In chapter 1, when we read about cultures that once subscribed to the binary soul doctrine, we learned that many of our modern religions, as different as they now seem, originally painted much the same picture of what happens after death. In chapter 2, we discovered that science subscribes to a similar model of the human psyche, and that if the mind actually did survive death but split apart in the process, as the ancients believed, such a division would account for both the traditional Eastern and Western models of the afterlife. In chapters 3 through 6, we found that the data emerging from modern research into NDEs, PLRs, OBEs, ghosts, and poltergeists conforms well to the binary soul doctrine. We have seen, in chapter 7, that many statements of humanity's most famous and celebrated psychics and mystics are also in accord with this hypothesis.

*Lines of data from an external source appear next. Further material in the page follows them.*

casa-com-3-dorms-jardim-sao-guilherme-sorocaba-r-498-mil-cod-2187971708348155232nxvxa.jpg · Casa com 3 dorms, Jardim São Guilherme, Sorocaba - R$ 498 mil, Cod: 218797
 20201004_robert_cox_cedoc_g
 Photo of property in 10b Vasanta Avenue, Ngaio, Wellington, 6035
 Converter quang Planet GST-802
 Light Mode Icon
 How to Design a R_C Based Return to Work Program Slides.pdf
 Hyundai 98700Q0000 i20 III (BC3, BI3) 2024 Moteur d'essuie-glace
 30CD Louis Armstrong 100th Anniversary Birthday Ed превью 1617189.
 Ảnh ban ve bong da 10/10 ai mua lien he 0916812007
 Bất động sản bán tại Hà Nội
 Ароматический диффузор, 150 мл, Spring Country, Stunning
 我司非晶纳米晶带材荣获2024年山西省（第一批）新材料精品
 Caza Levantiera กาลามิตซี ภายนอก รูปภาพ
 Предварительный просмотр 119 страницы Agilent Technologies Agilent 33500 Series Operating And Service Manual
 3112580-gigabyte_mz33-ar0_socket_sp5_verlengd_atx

Yet, despite this wealth of evidence, many in the field of afterlife research object to the split-mind model of the binary soul doctrine being used to explain the data coming in about NDEs, PLRs, ghosts, poltergeists, and so on. I wonder if this isn't because most people are in denial about the existence of the unconscious. Although the unconscious accounts for at least half of the human mind, most people never take it into account in their attempts to explain any of the conditions or experiences in their lives. Without this crucial piece to the puzzle, we often find ourselves scrambling to come up with alternative explanations for situations life throws at us. And then we defend those explanations, sometimes even in the face of tremendous evidence to the contrary.

He was wrong. She was wrong. They were wrong. No, I didn't say that. If I had said that, I would have been wrong. I would have been wrong. Isn't that right?

—Mr. Waturi, from the motion picture Joe vs. The Volcano

We sometimes find ourselves doing mental gymnastics to reassure our-selves that our minds are still whole and undamaged, that our interpretation of things is accurate and reliable, that we are not wrong. We all do this. We all have blind spots. We are all expert at deceiving ourselves.

In fact, whenever we get to know another person, sooner or later we come to identify some of their blind spots, yet often it never crosses our mind that we may have our own. We end up on intimate terms with the blind spots of our husbands, wives, bosses, and friends, but miss our own.

Why do you look at the speck of sawdust in your brother's eye and pay no attention to the plank in your own eye? How can you say to your brother, “Let me take the speck out of your eye,” when all the time there is a plank in your own eye?